Supplied material —

• • • •

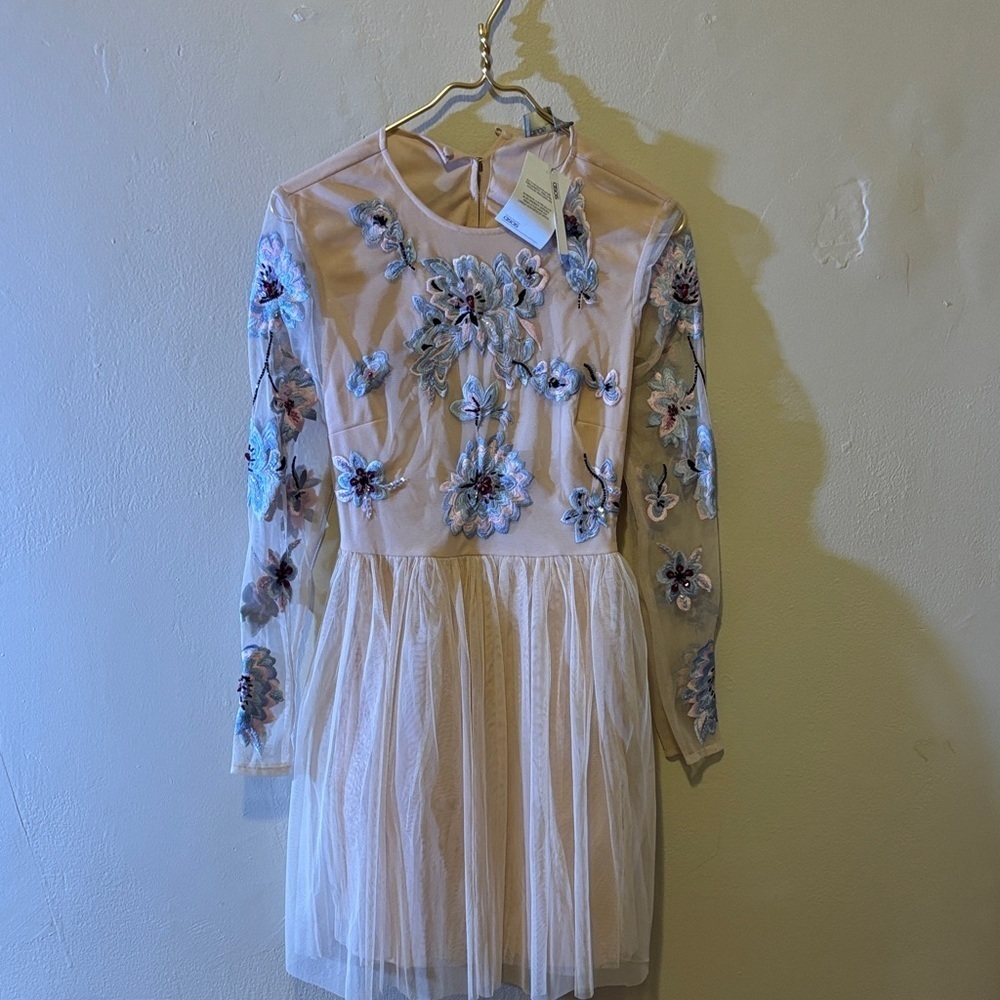 ASOS Elegant Floral Dress - Pink and Blue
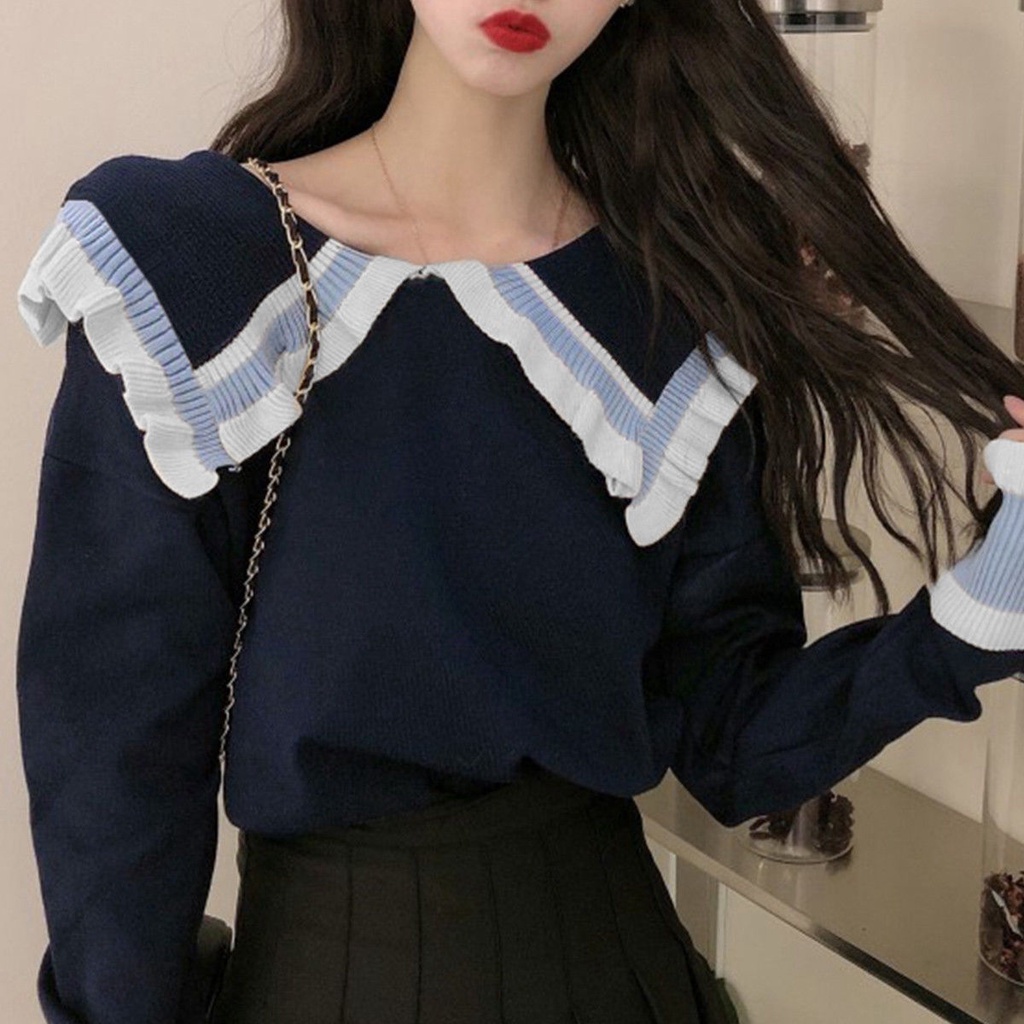 Áo len tay dài cổ thủy thủ thời trang dành cho nữ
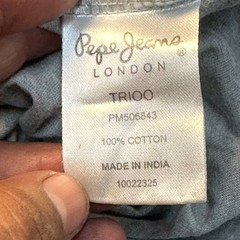 Pepe Jeans T-Shirt Mens Size XL Grey Slim Fit Cotton Short Sleeve Logo Casual
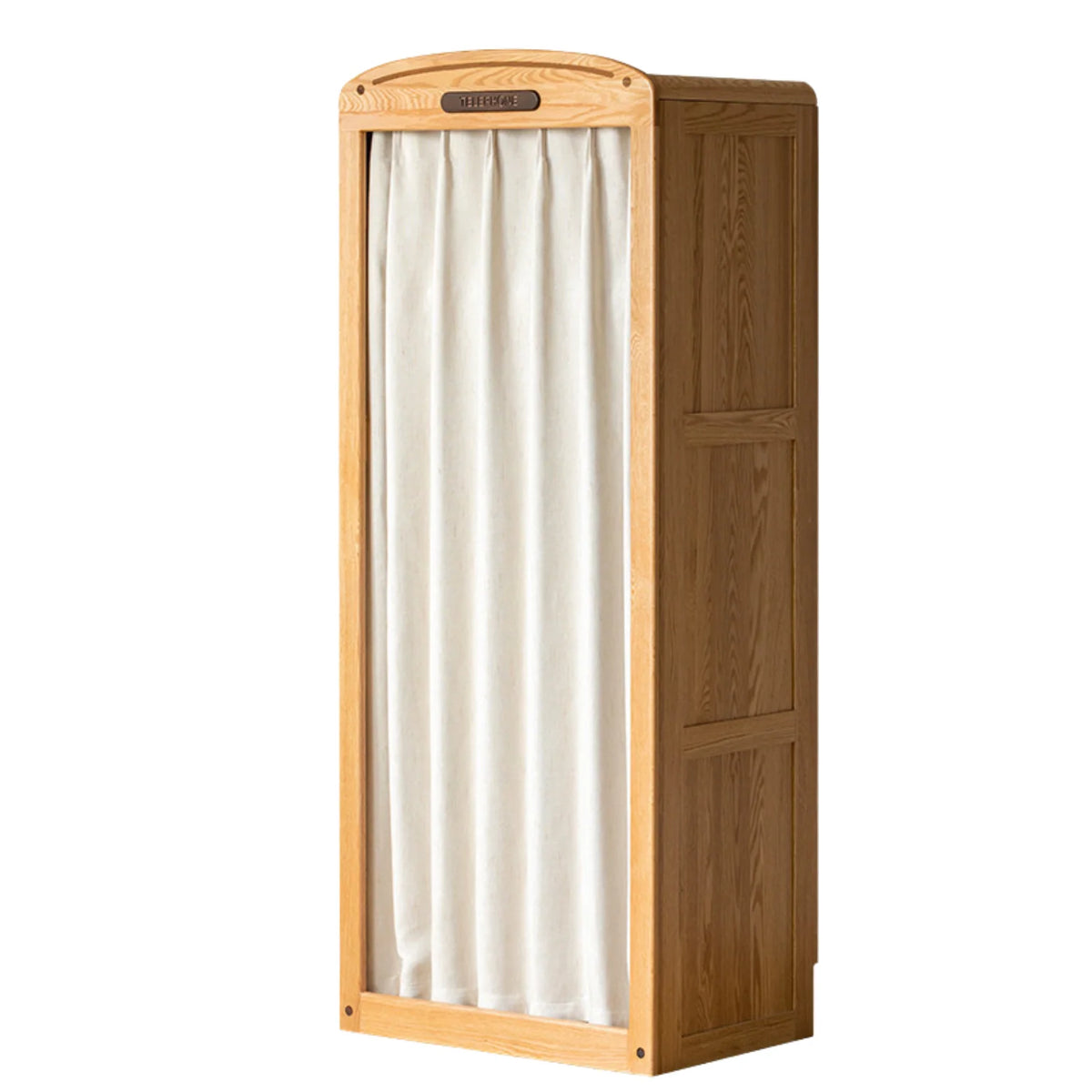 Oak Solid Wood, Solid Rubberwood Kids Simple Wardrobe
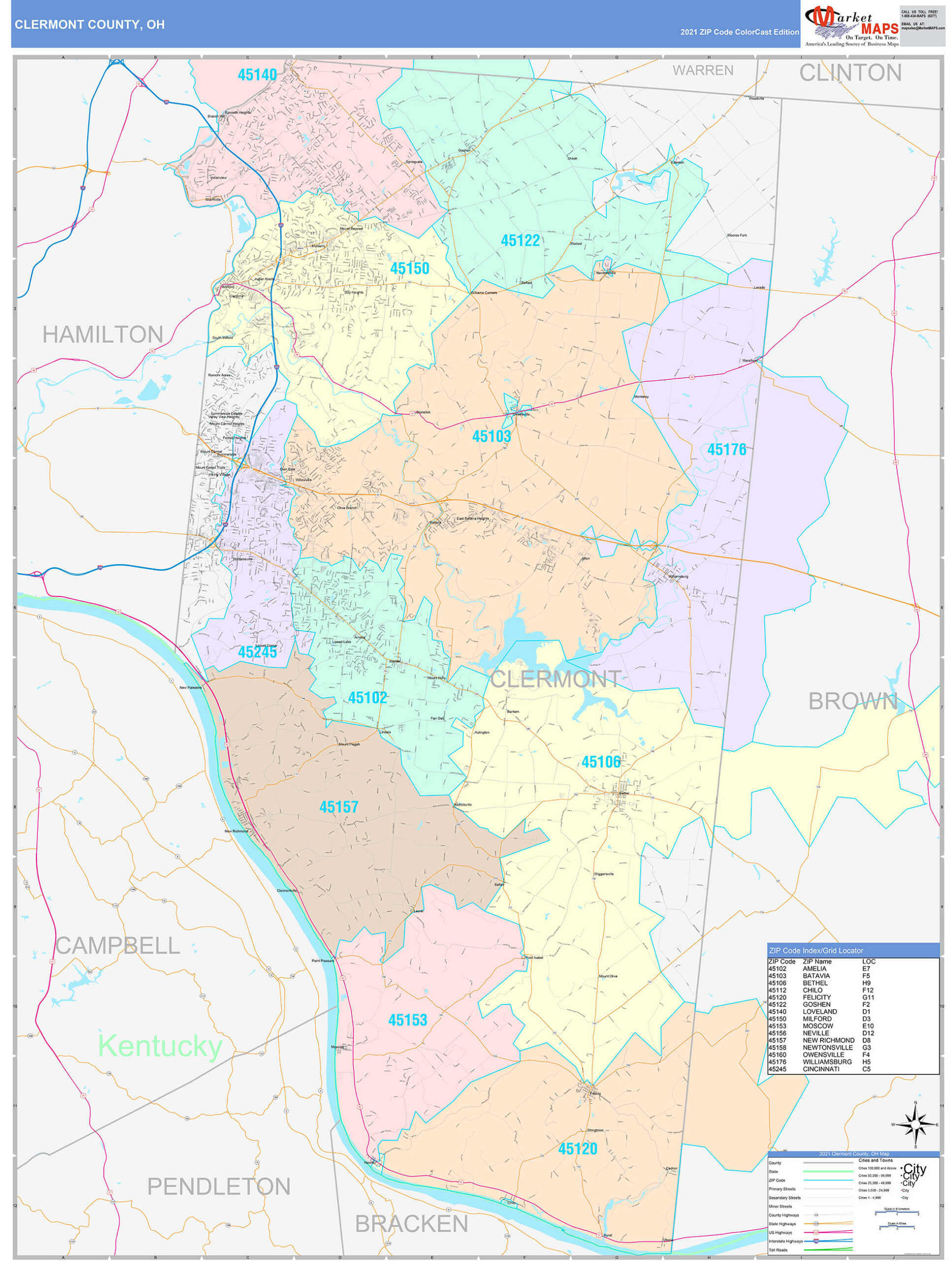 Clermont County Ohio Wall Map Color Cast Style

• • • •

Task to complete —
Skip the pictures and write out exactly the lines from the line containing "Áo len tay dài" through the end of the listing above.

Problem solution —
 Áo len tay dài cổ thủy thủ thời trang dành cho nữ
 Pepe Jeans T-Shirt Mens Size XL Grey Slim Fit Cotton Short Sleeve Logo Casual
 Oak Solid Wood, Solid Rubberwood Kids Simple Wardrobe
 Clermont County Ohio Wall Map Color Cast Style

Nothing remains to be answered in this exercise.